Faceless Ventures: Selecting the right aggressive immersive horror actor can be far more difficult than a conventional scare actor. You must have unconditional trust in the actor when there is contact between the actors and the guests. We have come across seasoned scare actors, in which they just don’t feel comfortable being in the situation where they have to make contact with guests or even disagree with certain content of scenes. You have to make sure the actors are fine with what you are asking them to do.
We have a stock of actors: some that we have accumulated from way back when we did scare mazes and some that have joined us after finding out about our shows in the media. We also have some actors that started as guests but have now found they like acting more than going through the shows (some alternate between acting and visiting).
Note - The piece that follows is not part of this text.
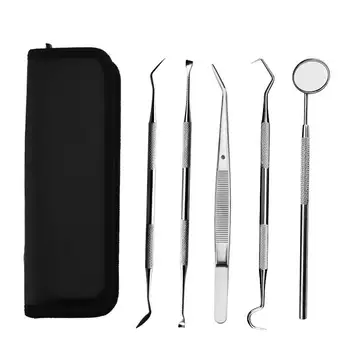 

5pcs/set Dental Tool Kit Stainless Steel Teeth Tartar Scraper Mouth Mirror Tweezer Dentist Pick Teeth Scaler Clean Kit with Case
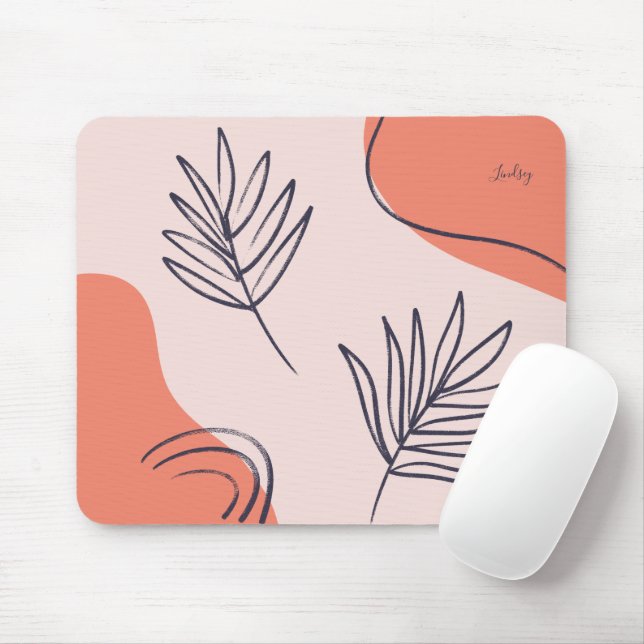 Boho Leaf Abstract Line Art Personalised Mouse Mat (With Mouse)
Miasma: So far, I’ve had the unique (and rare) situation which I have known my actors for many, many years. I know their temperament, their ability to stay on script, and how they handle tough situations. I work with the same people annually, adding or removing one or two. The new cast members always start in the least confrontational situation so I can see how well they adapt. Once I know their strengths, I move them to the position where they will be the most successful. As we expand, adding actors I’m not as familiar with, I’ll have to get to know them on a personal level and follow this process before I have faith.
4. What qualifications do you look for in an actor that will be in a more aggressive scene of an extreme haunt? What raises a red flag for you in an actor?
Miasma: I look for somebody who genuinely cares about the person they are putting through a terrible scenario but also understands that they should not pull back unless they hear the safety word—this is what [the guest] paid for. I’ve found that the most sincere, kind people are the most likely to ensure the scene plays out as written in the safest manner possible without sacrificing the need to push the guest further.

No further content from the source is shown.